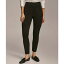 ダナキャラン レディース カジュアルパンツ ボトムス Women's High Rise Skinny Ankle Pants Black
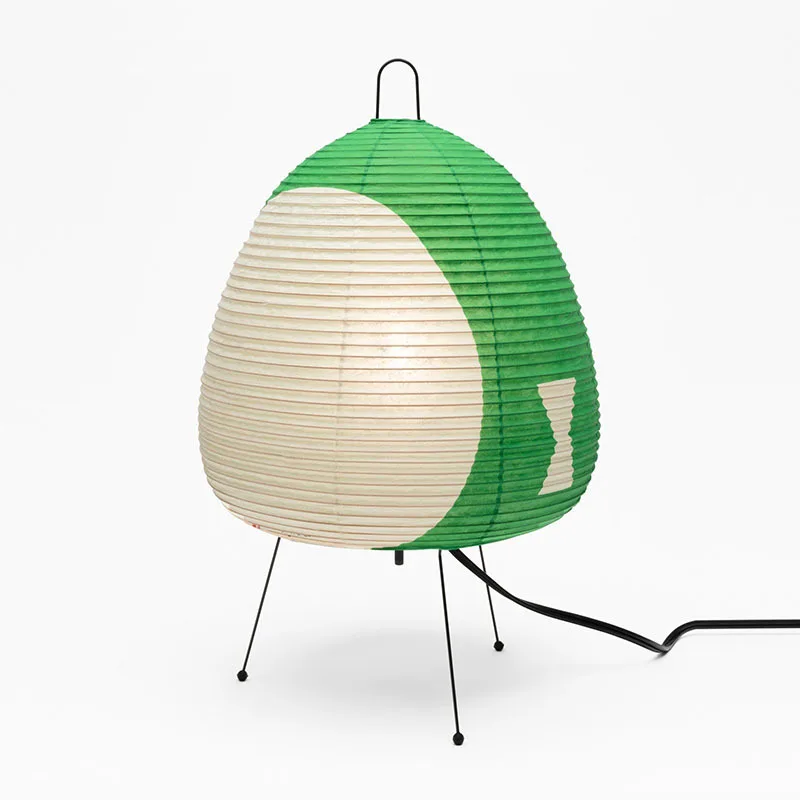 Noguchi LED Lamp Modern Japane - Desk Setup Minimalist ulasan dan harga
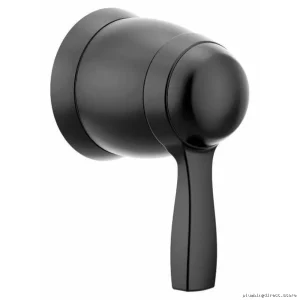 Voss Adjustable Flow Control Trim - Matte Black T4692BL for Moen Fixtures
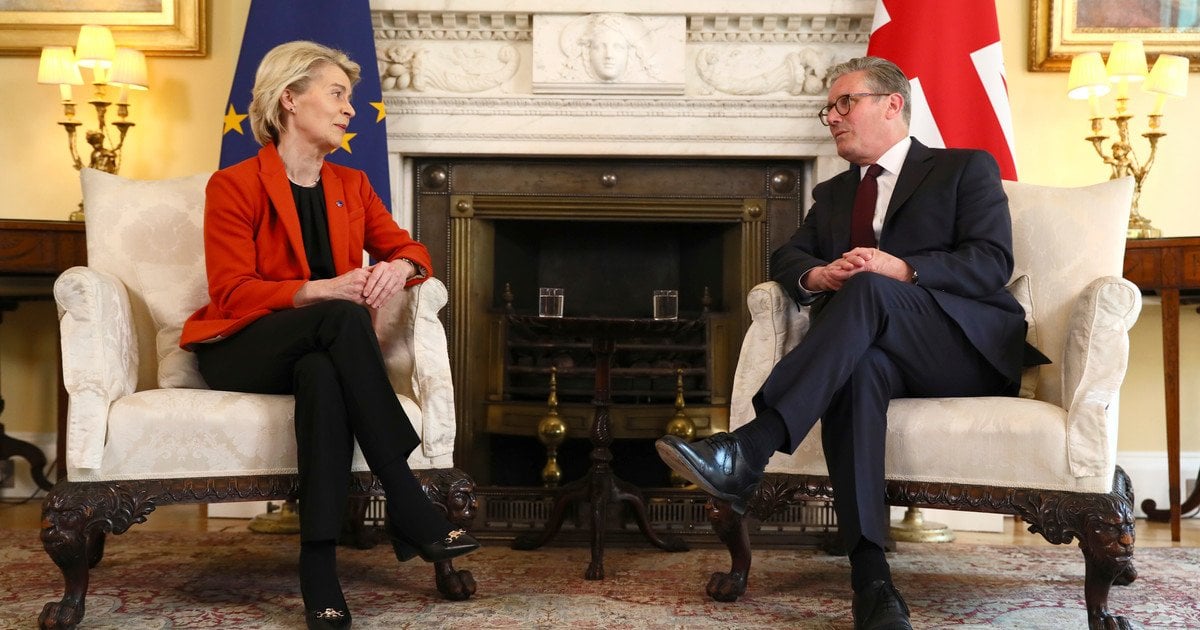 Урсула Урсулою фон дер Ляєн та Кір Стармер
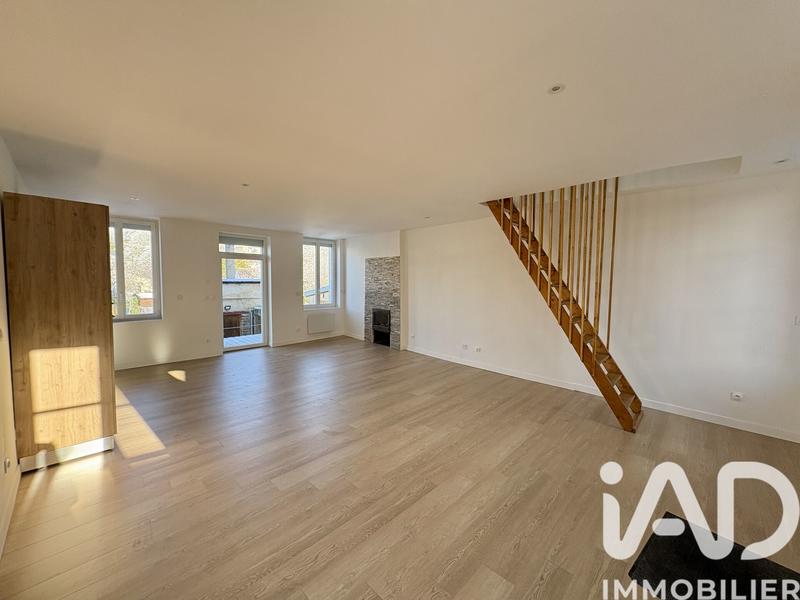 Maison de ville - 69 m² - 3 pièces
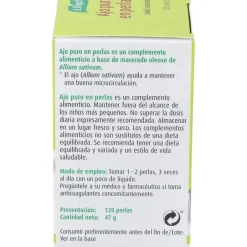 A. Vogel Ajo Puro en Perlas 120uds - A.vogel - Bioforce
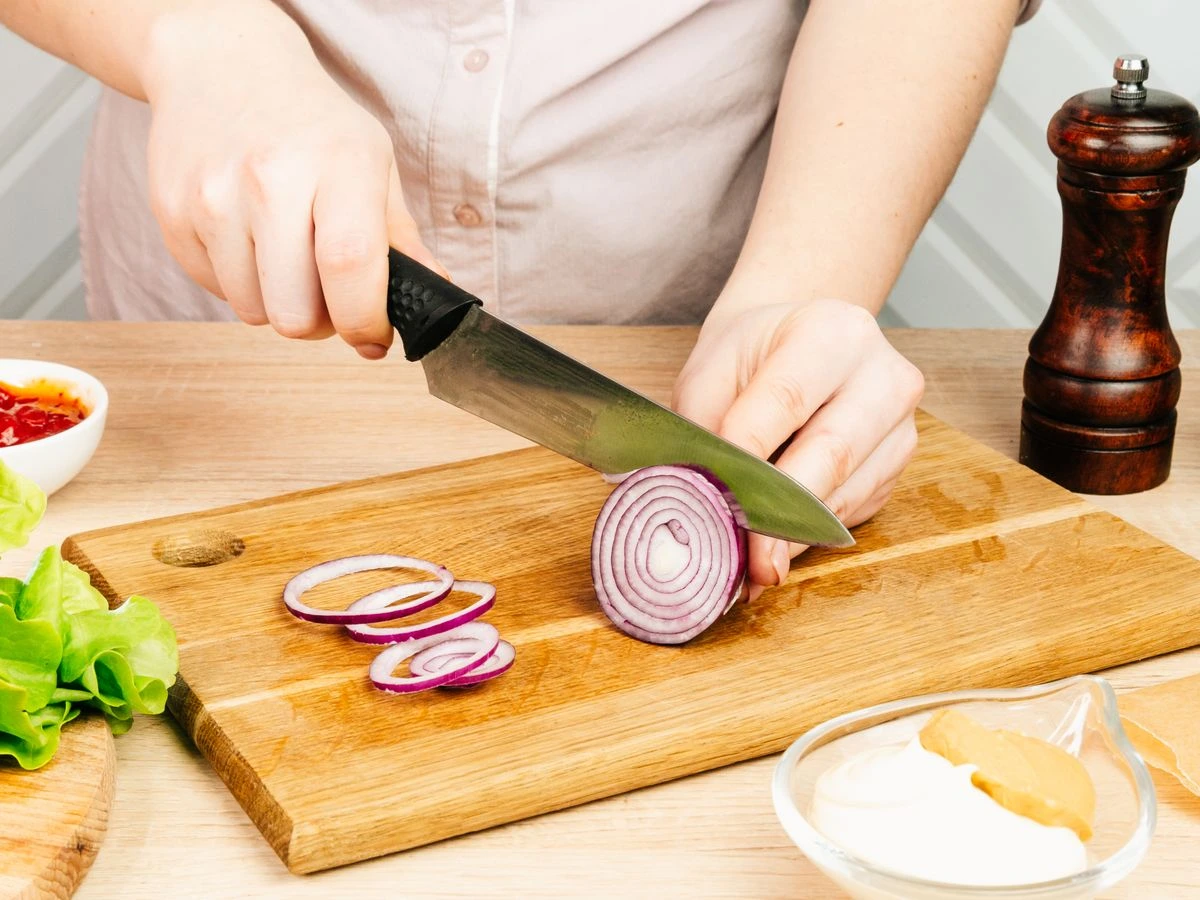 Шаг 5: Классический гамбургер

________

- **WHAT TO PRODUCE**
Return the lines exactly as they stand, from the start of the entries through the line holding "Voss Adjustable Flow"; omit the pictures.

- **WRITTEN SOLUTION**
 ダナキャラン レディース カジュアルパンツ ボトムス Women's High Rise Skinny Ankle Pants Black
 Noguchi LED Lamp Modern Japane - Desk Setup Minimalist ulasan dan harga
 Voss Adjustable Flow Control Trim - Matte Black T4692BL for Moen Fixtures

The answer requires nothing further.